Data excerpts:
-- Opening Marker --

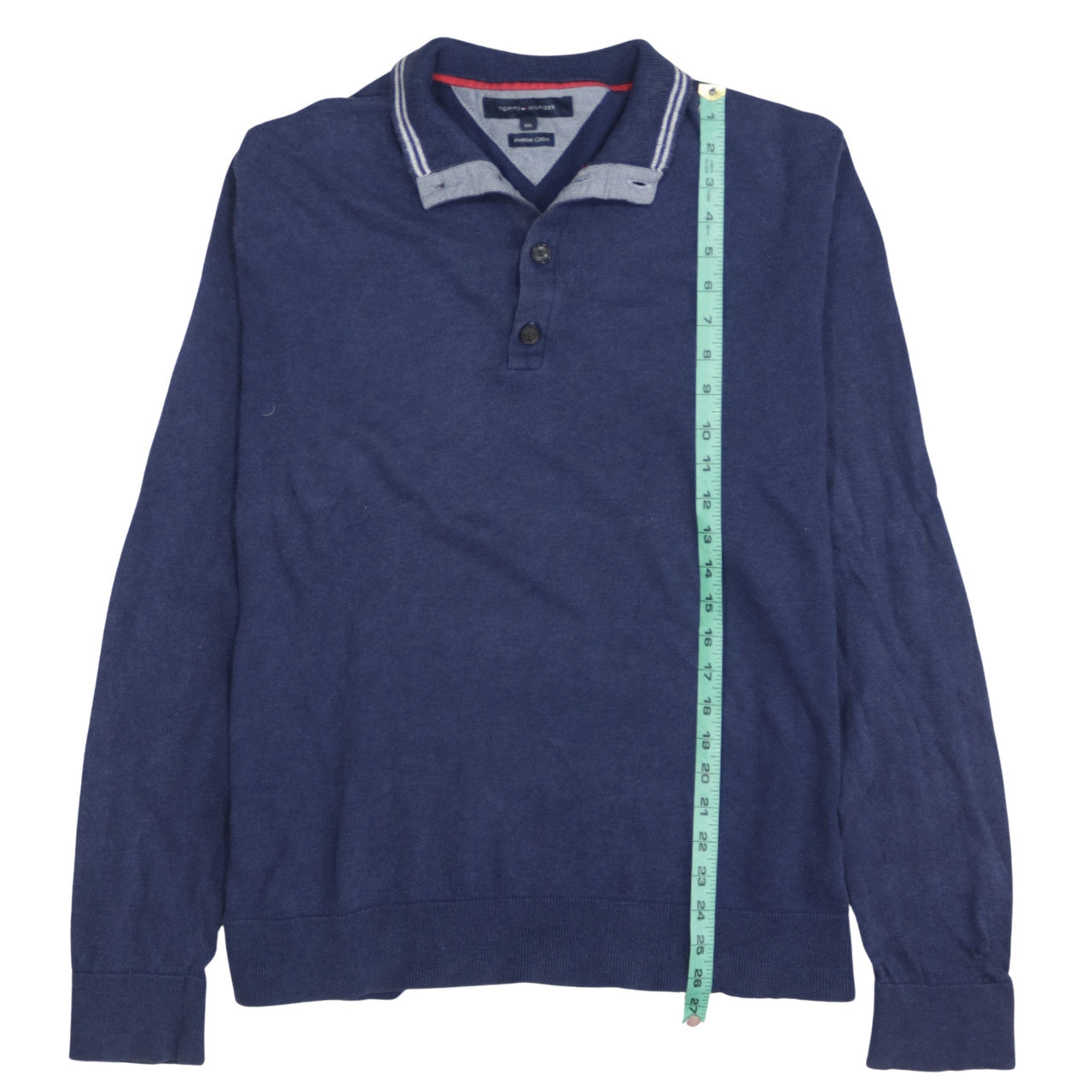 Tommy Hilfiger Men's Blue Cotton Collared Henley Jumper 2XL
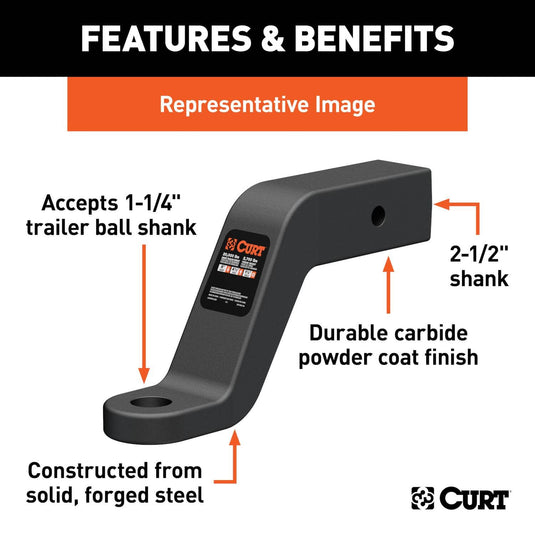 CURT Commercial Duty Forged Ball Mount (2-1/2" Shank, 20,000 lb, 2" Drop)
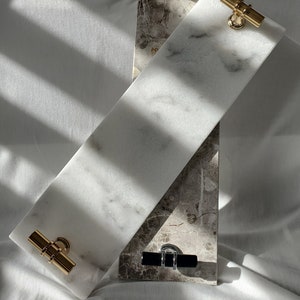 White Marble Tray, Genuine Marble Tray , Tray for Bathroom/Kitchen/Vanity /Perfume, Holder for Candles, Mother's day gift ide image 7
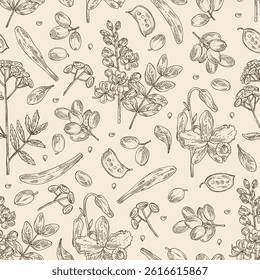 Seamless pattern with cosmetic, parfumery and medical plants: tansy flowers, senna alexandrina, barberry, dendrobium nobile. Vector hand drawn illustration.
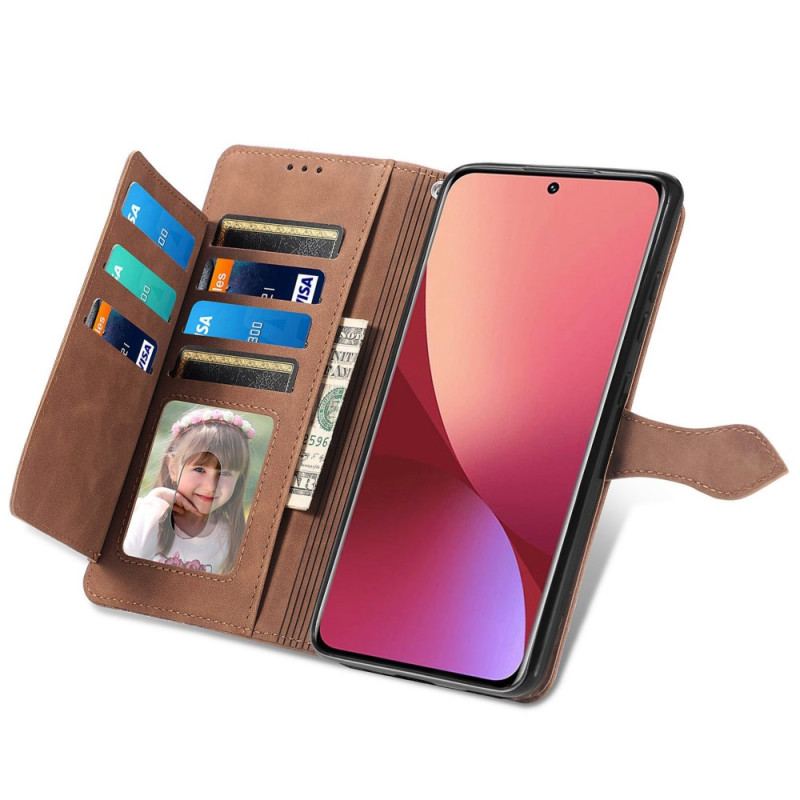Capa Flip Para Xiaomi 12T / 12T Pro Bolsa Frontal Flores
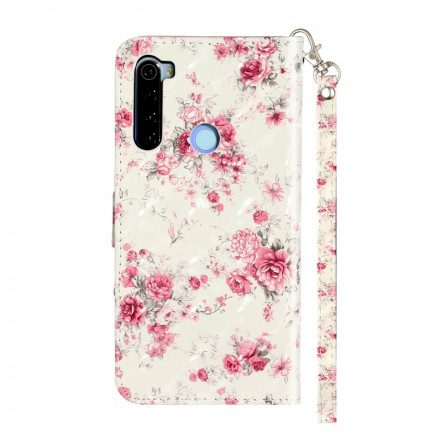 Fodral För Xiaomi Redmi Note 8T Med Kedjar Blommor Ljusa Fläckar Med Rem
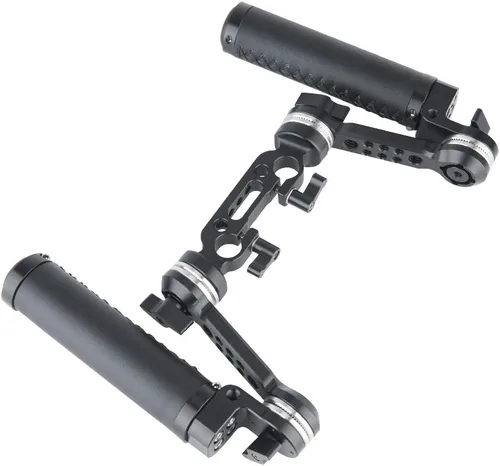 Vista 9 de NICEYRIG Kit de empuñadura de mango de roseta de cuero con brazo de extensión de roseta, abrazadera de doble varilla de 0.591 in para soporte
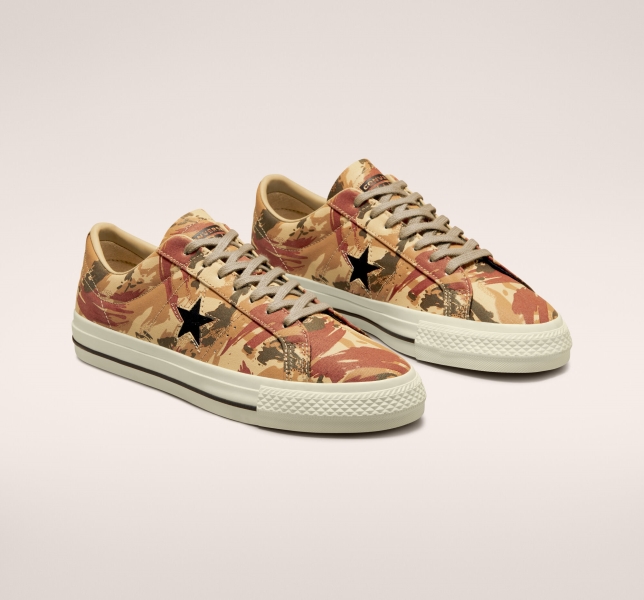 Dámské Kožené Boty Converse One Star Pro Brushstroke Camo Hnědožlutý Černé | 43EPMZFAL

-- Closing Marker --

TASK DESCRIPTION: Apart from the images, the entries above must be returned without alteration.

TASK RESPONSE:
 Tommy Hilfiger Men's Blue Cotton Collared Henley Jumper 2XL
 CURT Commercial Duty Forged Ball Mount (2-1/2" Shank, 20,000 lb, 2" Drop)
 White Marble Tray, Genuine Marble Tray , Tray for Bathroom/Kitchen/Vanity /Perfume, Holder for Candles, Mother's day gift ide image 7
 Seamless pattern with cosmetic, parfumery and medical plants: tansy flowers, senna alexandrina, barberry, dendrobium nobile. Vector hand drawn illustration.
Capa Flip Para Xiaomi 12T / 12T Pro Bolsa Frontal Flores
 Fodral För Xiaomi Redmi Note 8T Med Kedjar Blommor Ljusa Fläckar Med Rem
 Vista 9 de NICEYRIG Kit de empuñadura de mango de roseta de cuero con brazo de extensión de roseta, abrazadera de doble varilla de 0.591 in para soporte
 Dámské Kožené Boty Converse One Star Pro Brushstroke Camo Hnědožlutý Černé | 43EPMZFAL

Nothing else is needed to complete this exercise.